Of course, lightning-type magic that could be strongly affected by accumulated misfortune was still sealed, but Sung-jun’s appearance using countless spells created by previous Demon Lords gave the impression that the essence of magic was entirely dwelling within one person’s body.
The problem was that despite this, Yeojiggwi, who had released the constraints it had placed on itself, still looked stronger.
Having released its self-imposed constraints, Yeojiggwi attacked Sung-jun with so many techniques—martial arts, sorcery, curses, and even magic learned through Sung-jun—that it was amazing how one being could use all those skills alone.
Sung-jun countered by deploying all manner of spells created by past Demon Lords, desperately resisting Yeojiggwi’s offensive.
And the Corrosion Entity Legion surrounding them had retreated far away to avoid getting caught up in the battle between the two, watching the fight between the ‘King of Magic’ and the ‘God of Techniques.’
“Thousand Demon Hands!”
As Sung-jun shouted the spell’s incantation, eight arms made of mana were summoned behind him.
This was Sung-jun’s original spell, created to cast magic that would normally require five mages simultaneously forming hand seals with a single body.
As Sung-jun cast spells while wildly swinging the eight summoned arms, four rainbow-colored spheres rotating around him were generated, and the summoned orbs began automatically defending against Yeojiggwi’s attacks as it charged toward Sung-jun, moving at invisible speeds.
Self-repair, parallel thinking enhancement, active response magic armor, instant teleportation, mana barrier form transformation.

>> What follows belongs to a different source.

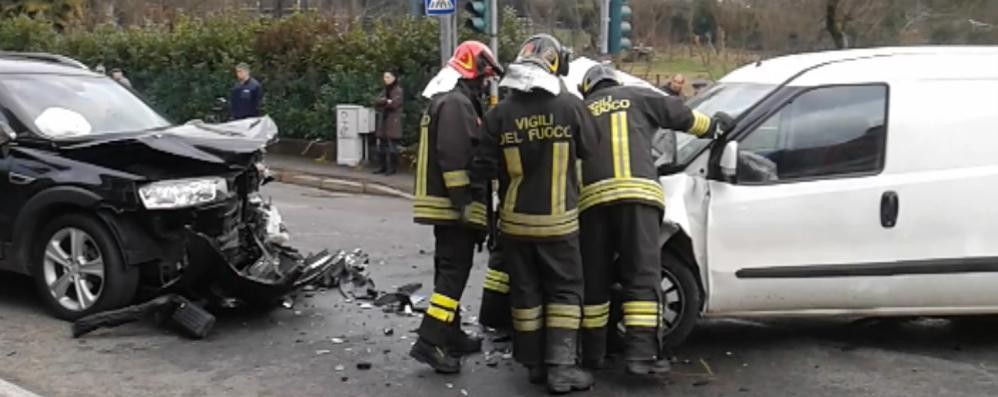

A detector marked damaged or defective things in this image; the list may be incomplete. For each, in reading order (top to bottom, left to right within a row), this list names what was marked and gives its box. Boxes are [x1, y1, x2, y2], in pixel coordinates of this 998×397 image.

crashed black suv [0, 53, 336, 318]
crumpled car hood [60, 116, 280, 164]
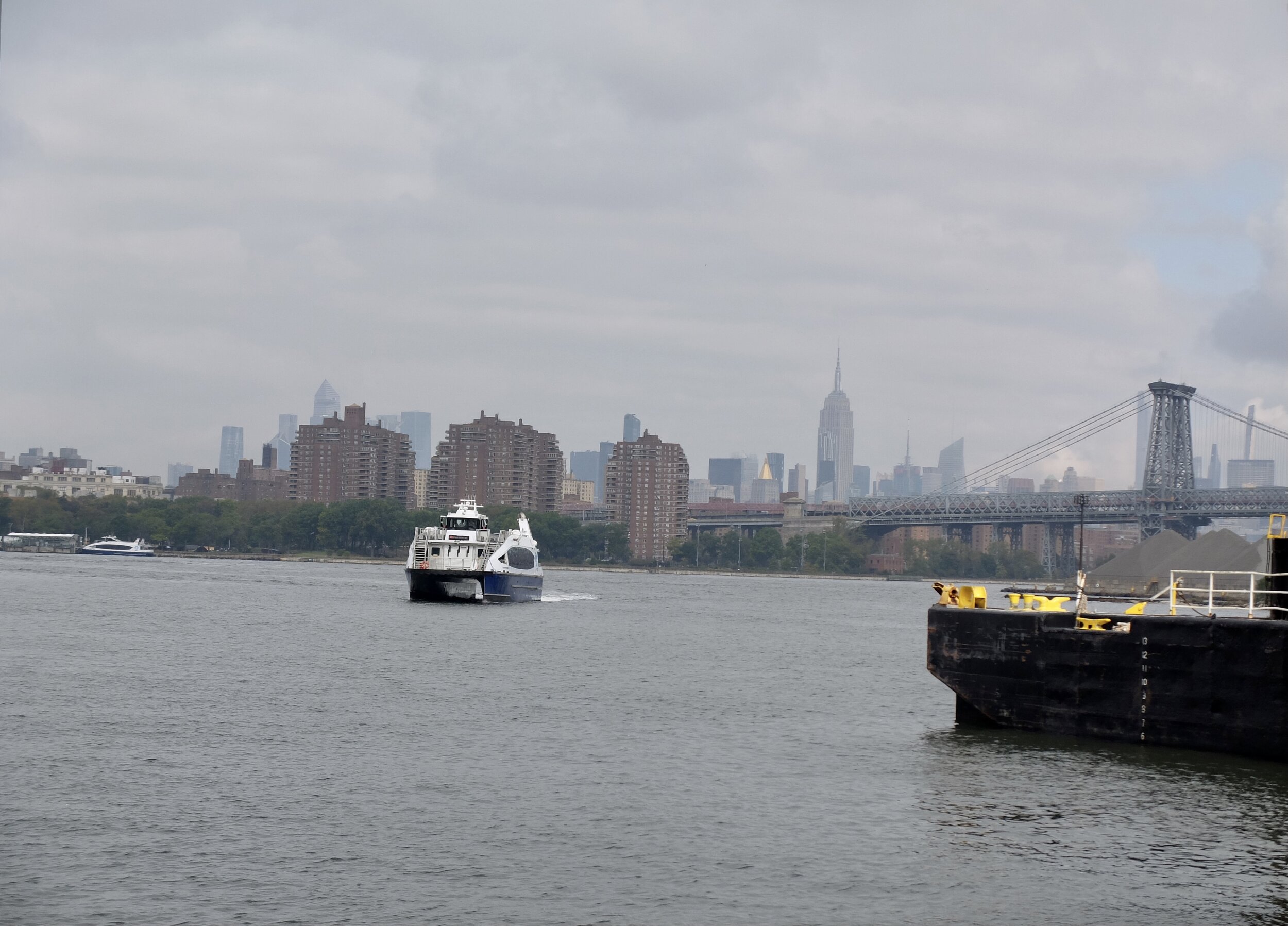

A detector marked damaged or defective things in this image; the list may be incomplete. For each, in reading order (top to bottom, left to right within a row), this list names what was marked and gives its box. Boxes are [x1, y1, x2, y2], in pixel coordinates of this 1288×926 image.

rusted metal hull [927, 605, 1288, 762]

This spell, created by the complex interweaving of five different spells, was an automatic defense spell that Sung-jun had improvised by adding new spells absorbed from Yeojiggwi during their recent battle to his originally prepared spell.

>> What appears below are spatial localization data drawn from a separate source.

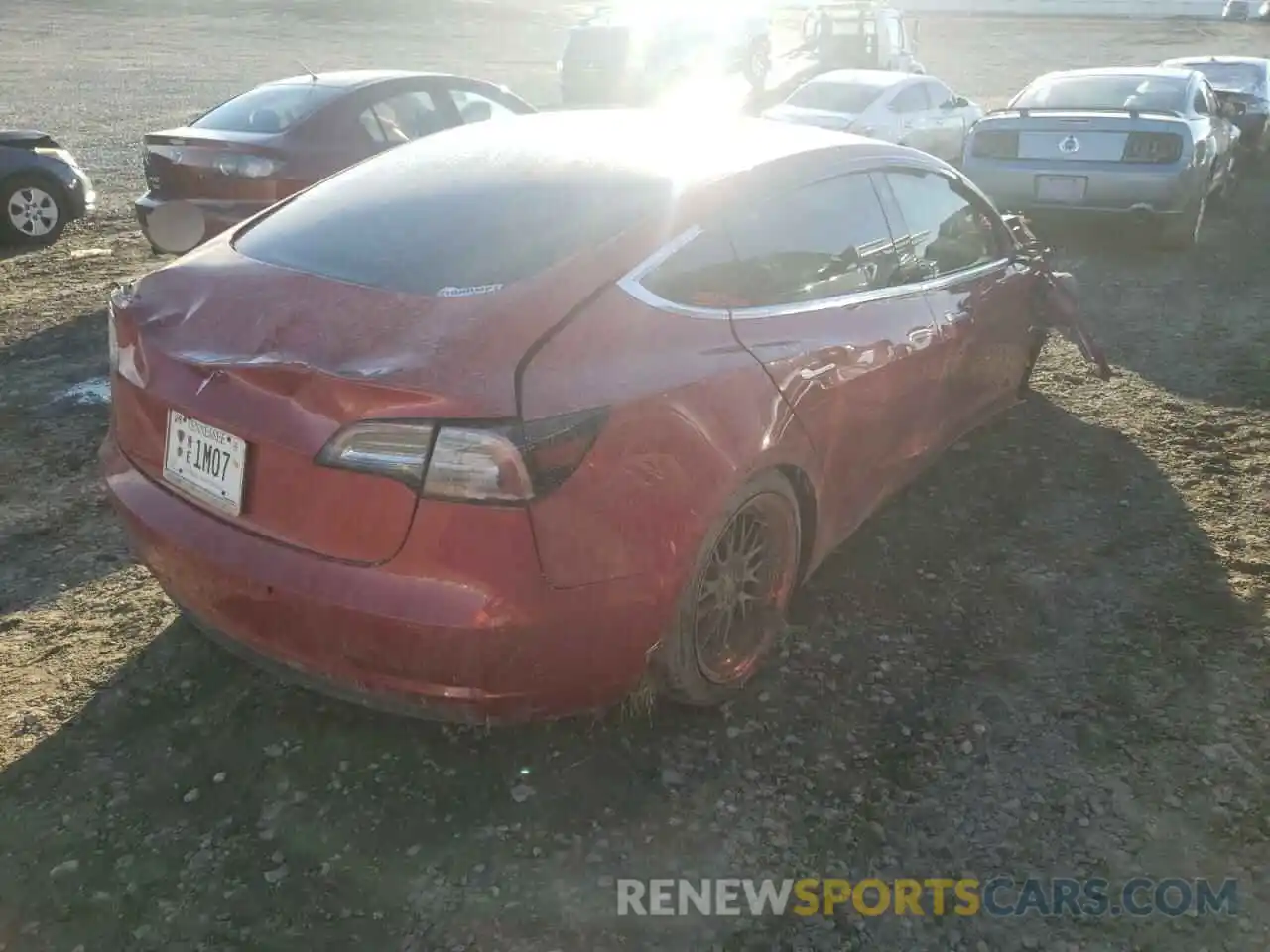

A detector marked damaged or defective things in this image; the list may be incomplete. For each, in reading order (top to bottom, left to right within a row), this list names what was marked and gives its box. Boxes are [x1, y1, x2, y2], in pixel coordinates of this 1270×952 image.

damaged red car [103, 109, 1107, 721]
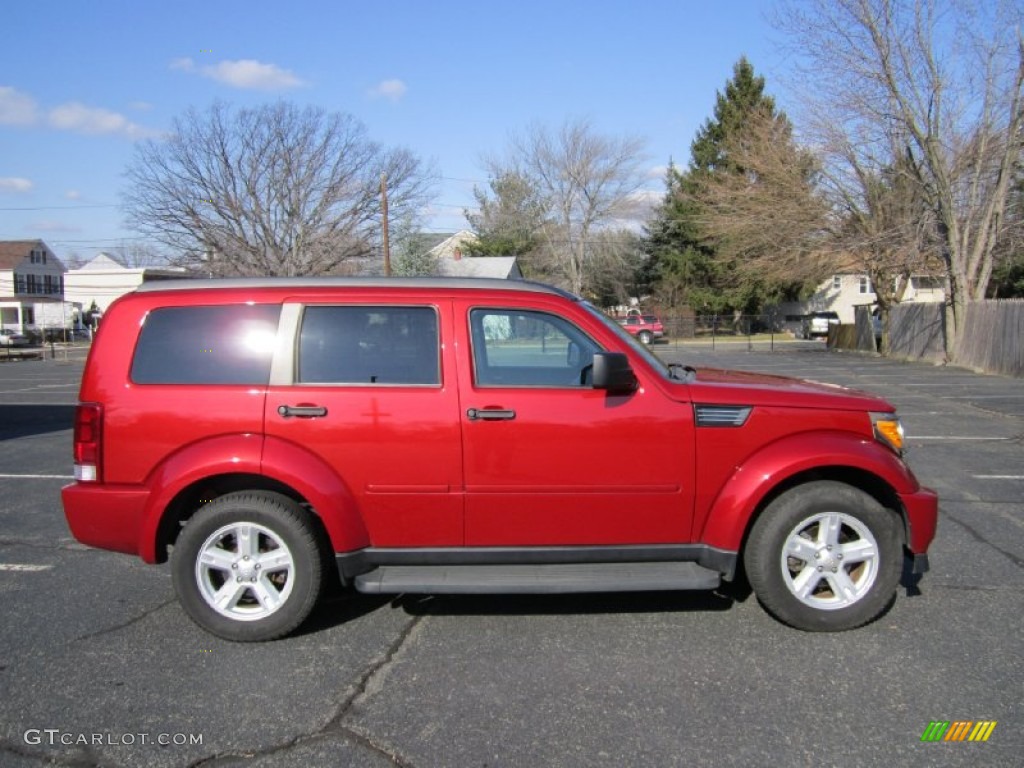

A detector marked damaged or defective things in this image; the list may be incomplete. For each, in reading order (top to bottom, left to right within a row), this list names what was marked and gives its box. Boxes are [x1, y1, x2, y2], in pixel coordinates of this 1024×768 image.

crack in pavement [184, 614, 423, 768]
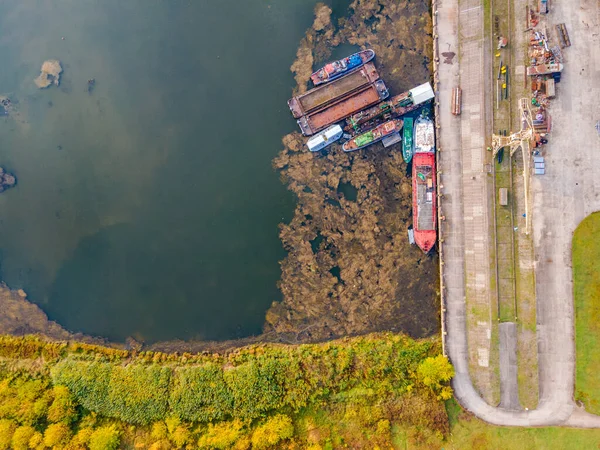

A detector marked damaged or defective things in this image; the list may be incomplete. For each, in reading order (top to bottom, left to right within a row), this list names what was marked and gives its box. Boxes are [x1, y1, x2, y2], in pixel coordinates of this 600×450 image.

rusty barge [288, 63, 380, 120]
rusty barge [296, 79, 390, 135]
corroded hull [412, 152, 436, 253]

So that the caster’s body could be protected while casting stronger spells.
However, Yeojiggwi broke through the 9th Circle-level defensive spell that should have been able to block any attack far too easily.
‘Damn future prediction!’
Yeojiggwi had no need to break through Sung-jun’s defensive magic.
It simply needed to ‘read’ the future to find the optimal path to avoid the defensive spells and attack Sung-jun.

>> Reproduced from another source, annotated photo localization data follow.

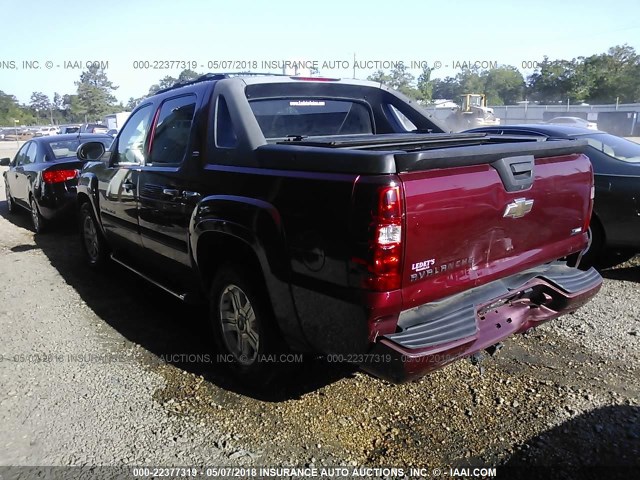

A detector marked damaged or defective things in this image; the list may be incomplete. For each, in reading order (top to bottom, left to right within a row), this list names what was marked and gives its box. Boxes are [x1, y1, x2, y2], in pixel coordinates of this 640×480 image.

damaged rear bumper [362, 262, 604, 382]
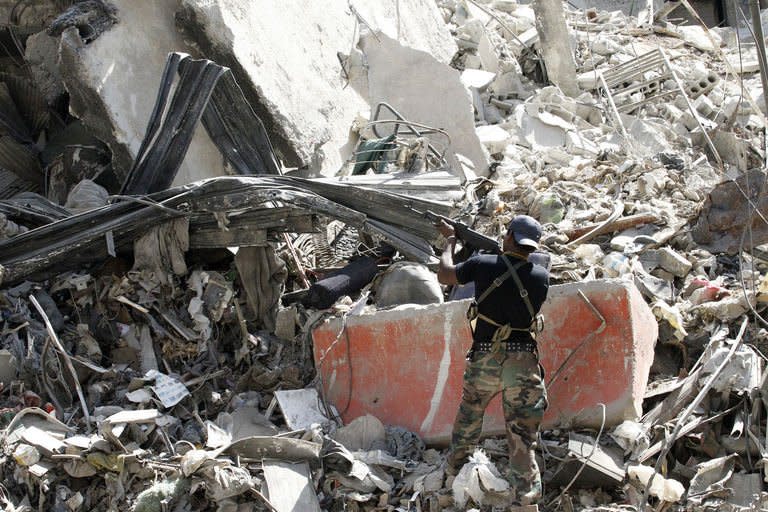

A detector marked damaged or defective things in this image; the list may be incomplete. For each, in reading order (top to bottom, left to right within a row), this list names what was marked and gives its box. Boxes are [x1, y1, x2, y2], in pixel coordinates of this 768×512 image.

shattered wall section [54, 0, 225, 184]
broken concrete slab [54, 0, 225, 184]
broken concrete slab [312, 278, 656, 442]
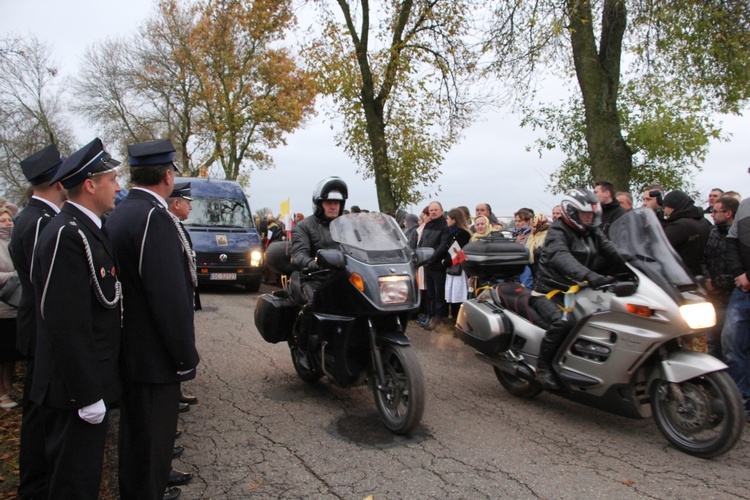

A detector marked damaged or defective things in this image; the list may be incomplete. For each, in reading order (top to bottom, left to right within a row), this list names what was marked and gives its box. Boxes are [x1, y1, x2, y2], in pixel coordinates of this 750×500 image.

cracked pavement [169, 288, 750, 498]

Thanks to this, Sung-jun hastily retreated while watching his painstakingly created defensive spell being pierced so easily.
‘This doesn’t work either…’
Sung-jun couldn’t help but feel absurd at his enemy’s cheat-like ability.
All the techniques Yeojiggwi used were close to ‘ultimate moves’—evolved to their ultimate form including all possibilities for future evolution—and their sheer number overwhelmingly surpassed the spells Sung-jun knew.
Moreover, Yeojiggwi’s abilities weren’t limited to simple future prediction.
When it swung its hand, space itself would tear apart, and when it threw a punch, attacks that could distort dimensions would fly—overwhelming physical prowess befitting an apocalypse-class Corrosion Entity.
Its destructive attack power, far exceeding that of humans, was showing strength powerful enough to overwhelm Silermantis, at least in terms of offensive capability.
‘What the hell is this thing? Wasn’t Silermantis supposed to be the strongest Corrosion Entity?’
From the moment he decided to eliminate Yeojiggwi, Sung-jun had already steeled his resolve.
Of course, even if it wasn’t as strong as Silermantis, which even Teacher could only seal at the cost of his life, he knew that hunting one of only seven ‘apocalypse-class’ Corrosion Entities in the world would never be easy.
However, having begun fighting the apocalypse-class Corrosion Entity before him, Sung-jun felt as if all his accumulated efforts were being completely denied.
He had thought other apocalypse-class Corrosion Entities would be easier to deal with than Silermantis since it was said to be the natural enemy of mages, but Yeojiggwi’s strength transcended compatibility and showed power beyond common sense.
But Sung-jun wasn’t the only one surprised by his opponent’s capabilities.
‘This human is strong!’
Yeojiggwi was also astonished by Sung-jun’s abilities.
It had faced humans who called themselves mages in other universes before, but none of those mages could handle as diverse magic as Sung-jun.
Most mages specialized in specific schools of magic, but Sung-jun seemed to have no such walls of ‘specialization.’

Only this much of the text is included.